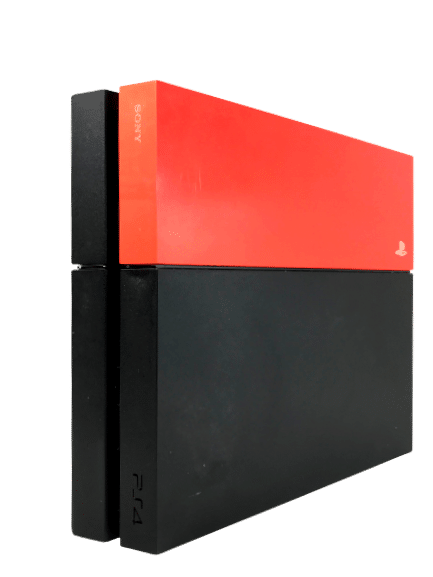 PS4 500GB (RED / BLACK) + Controller + Leads - Image 9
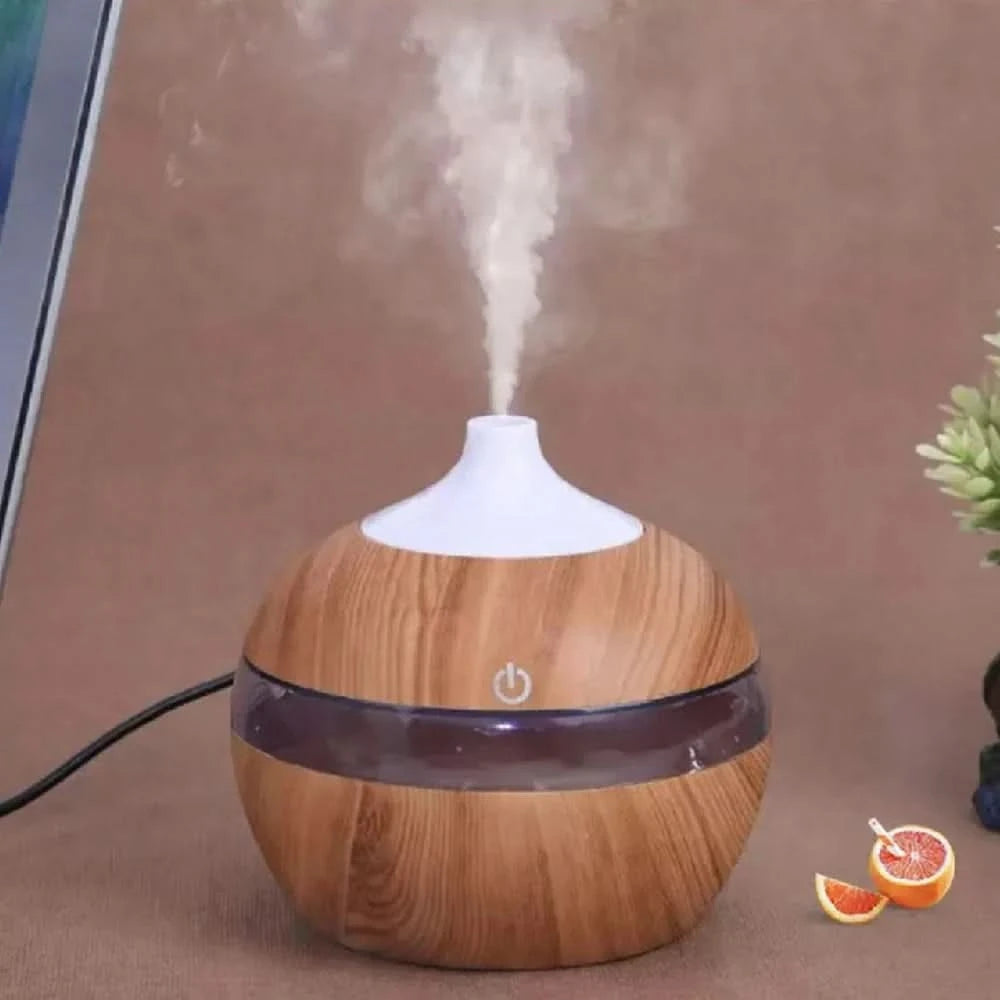 Mini USB Humidifier with Aromatherapy Diffuser  3-in-1 Desktop Humidifier, One-Touch Operation & Key Switch for Home/Office - M & M Global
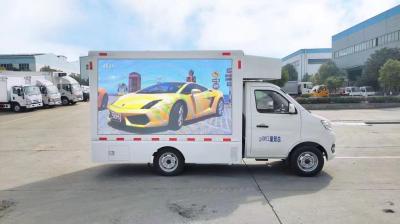 Changan LED Mobile Billboard Advertising Truck , Outdoor LED Stage Truck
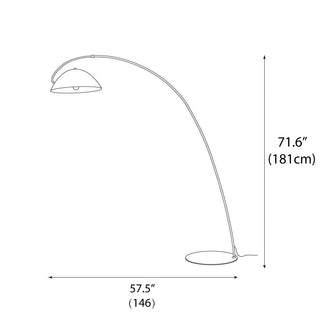 Pluma Nordic Iron Floor Light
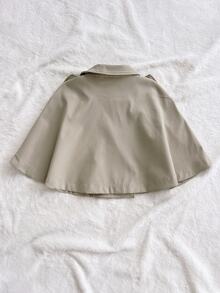 Soleia Women's Solid Color Casual Versatile Daily Travel Shawl Jacket - Apricot - View 2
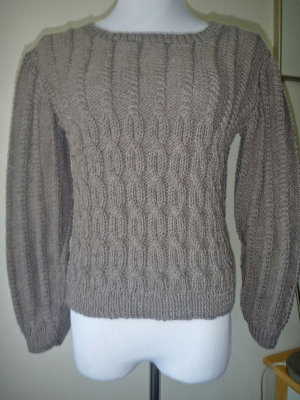 #238 Gray wool sweater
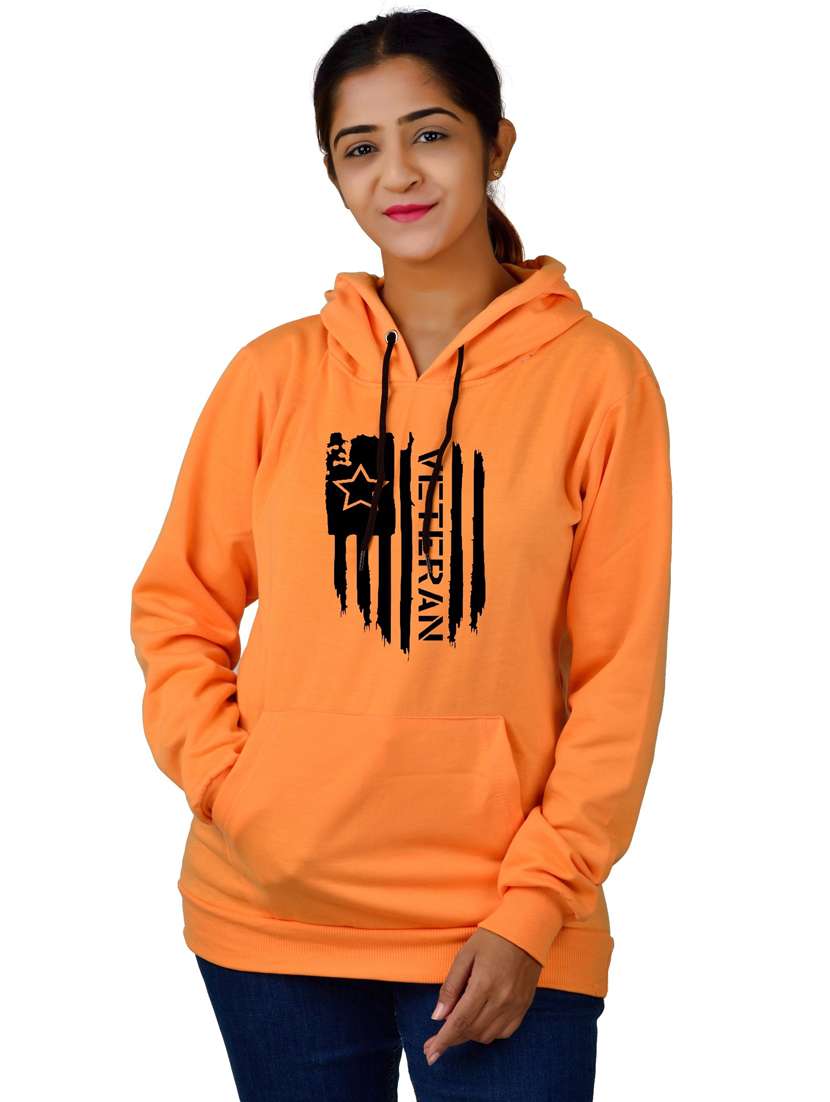 orange long sleeve hooded sweatshirt - 20564814 - Standard Image - 1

■ How to complete this task
In the copy, every entry must appear exactly as written, and no picture may appear.

■ Answer
 PS4 500GB (RED / BLACK) + Controller + Leads - Image 9
 Mini USB Humidifier with Aromatherapy Diffuser  3-in-1 Desktop Humidifier, One-Touch Operation & Key Switch for Home/Office - M & M Global
 Changan LED Mobile Billboard Advertising Truck , Outdoor LED Stage Truck
 Pluma Nordic Iron Floor Light
 Soleia Women's Solid Color Casual Versatile Daily Travel Shawl Jacket - Apricot - View 2
 #238 Gray wool sweater
 orange long sleeve hooded sweatshirt - 20564814 - Standard Image - 1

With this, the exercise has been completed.